鶴と蛇と太極拳
転の章


2 手揮琵琶も右足で立っている

 
 太極拳の套路のなかには、左右が逆の「白鶴亮翅」はありません。

 それは、簡化24式太極拳だけではなく、陳式太極拳やほかの流派の太極拳の中でも同じです。左手を上にした形はありません。

 私は、長い間、このことについて触れた記事や本はないものかと、探していましたが、不思議なことに皆無です。

 それが、ただ、「白鶴亮翅」だけなら、これは特殊な「勢」なんだ、で終わるのですが。じつは、白鶴亮翅だけではないのです。

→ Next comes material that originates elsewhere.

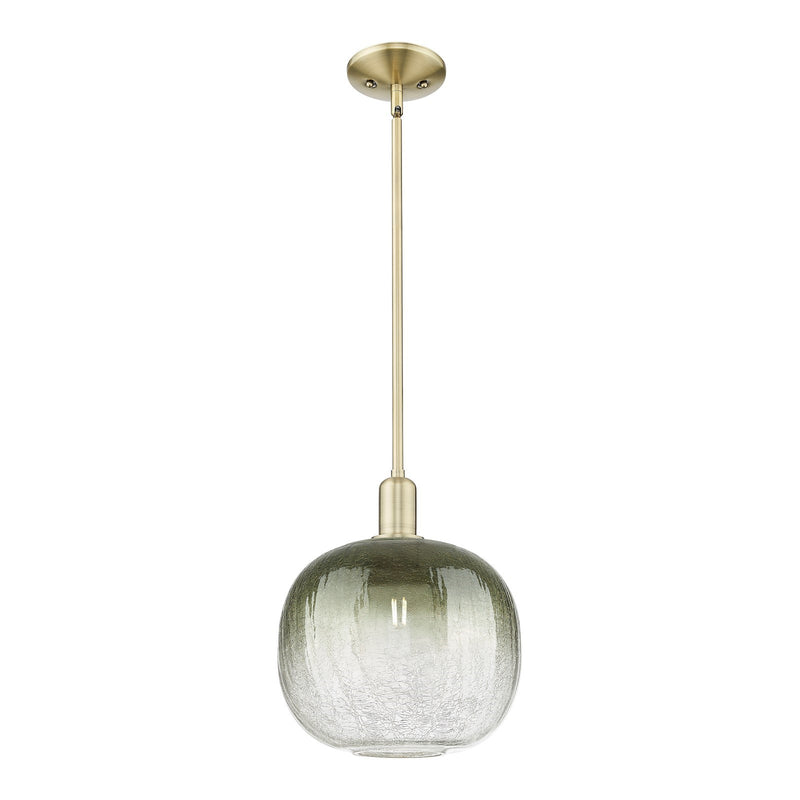 Innovations Brookhaven Sphere 10.5in 1-Light Mini Pendant | Industrial Antique Brass and Slate Glass | Kitchen Island & Dining | Model 716-1S-AB-G481-10SL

 手揮琵琶(しゅきびわ)という勢は第四勢です。イラストIのように両手の形が違いますが、右足で立っている点は同じです。この名称は「両手で琵琶を揮う」と訳せます。

 私は、ひそかに、この「勢」こそは太極拳の秘密をつかみ取るために、一番わかりやすい「勢」ではないかと考えています。この勢を繰り返し練習していくと何かつかめるはずです。

 ヨーロッパやアメリカでも現在、太極拳はかなり普及していますが、英語では「PLAY THE GUITER」と直訳の名前がつけられています。そういえば、ギターも、琵琶も、左手でネックを抑え、右手は胴体を抱えて、弦をかき鳴らします。バイオリンもそうでしょう。